Force GTX1080 performance level to reduce power consumption under Linux

I am using a Pascal GTX 1080 on Gentoo Linux (more specs below).
Being mostly satisfied with the card, I must say I am quite disappointed by the power management.

When idle, the card usually needs 10W or less in the lowest performance level 0.
However, whenever you do something on the laptop, the card very soon jumps to the highest level 4, and drains 40W - 50W of power, significantly reducing battery life and causing fan noise.
In fact, most websites have some kind of animation somewhere forcing the card to level 4, changing to another window in X also makes the card switch to level 4.
TO make thinks even worse, the card switches instantly to level 4, but it takes several seconds to go down to the lower levels step by step until it reaches level 0 again.

What I am missing is an option to limit the card to a certain level while I do not need GPU performance.

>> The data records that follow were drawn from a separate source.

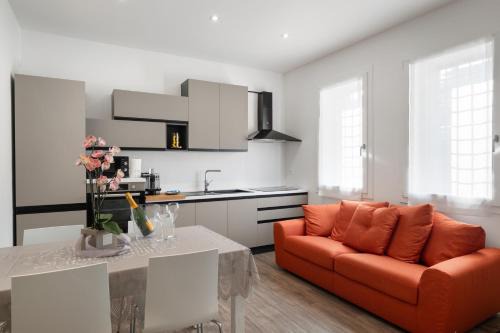 Vicenza Apartment | Civico 36 a due passi dal Centro - Casa Guido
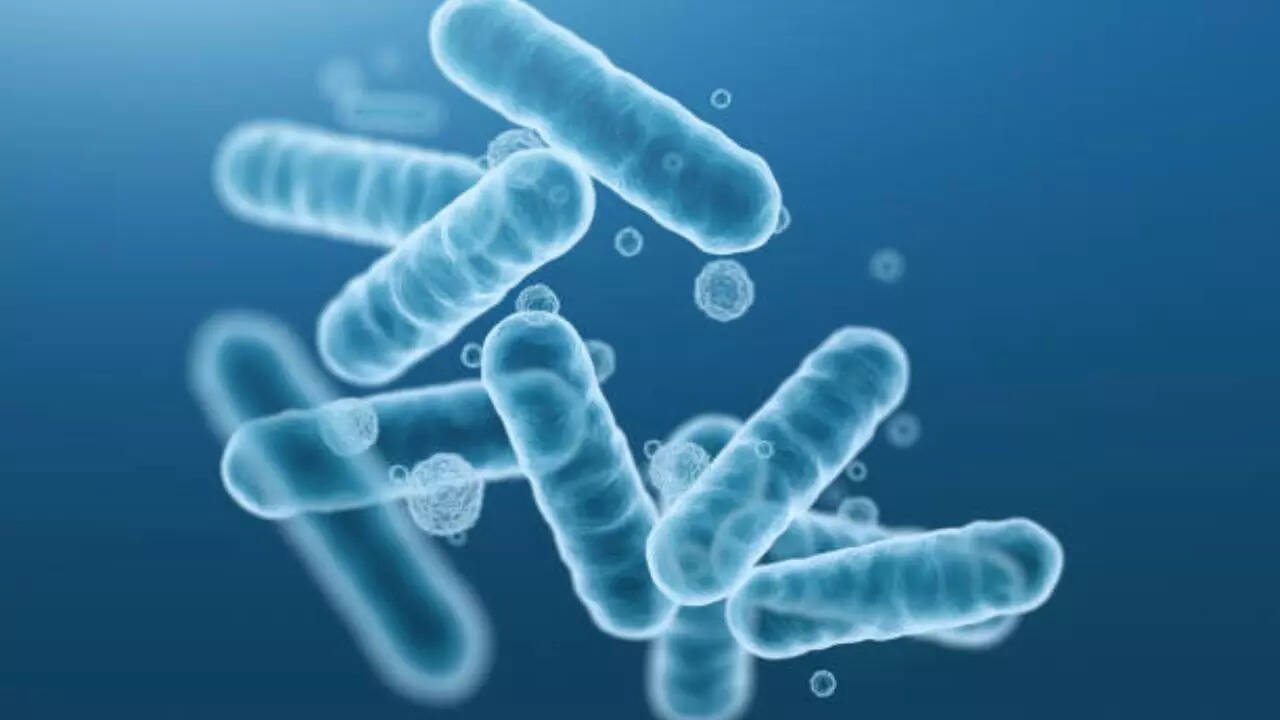 Image credits: Getty Images Treatment of Legionnaires' disease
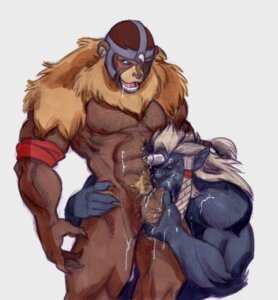 Rating: Explicit Score: 0 Tags: anthro balls bara biceps bodily_fluids crossover cum duo e621 erection eyes_closed felid fellatio final_fantasy final_fantasy_x genital_fluids genitals head_in_crotch kimahri kupopo looking_pleasured male male/male male_only male_penetrated male_penetrating male_penetrating_male mammal moan monkian muscular muscular_bottom muscular_male muscular_top nude open_mouth oral oral_penetration pecs penetration penile penis penis_grab pubes ronso rule34 sex sideways_oral simple_background square_enix sucking thundercats thundercats_1985 white_background yaoi User: bunchy7s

I have found several solutions for older cards / drivers setting RegistryDwords for PowerMixerDefaults and PerfLevelSrc in Xorg.conf.
But first, they do not work for me, probably Pascal and the 375.20 driver I am using does not support it.
Second, setting it in the Xorg conf is a bit inconvenient to switch. A command line option for nvidia-smi or nvidia-settings would be way better.

System specs:
Clevo p775dm3-g laptop, intel 6700k CPU, GTX 1080 GPU, no external display
Gentoo Linux 64 bit, Kernel 4.8 NVIDIA 375.20 driver, xorg-server 1.18.4

The only way to force maximum power management is to change X.org settings.

Section "Device"
        Identifier      "Videocard0"
        Driver          "nvidia"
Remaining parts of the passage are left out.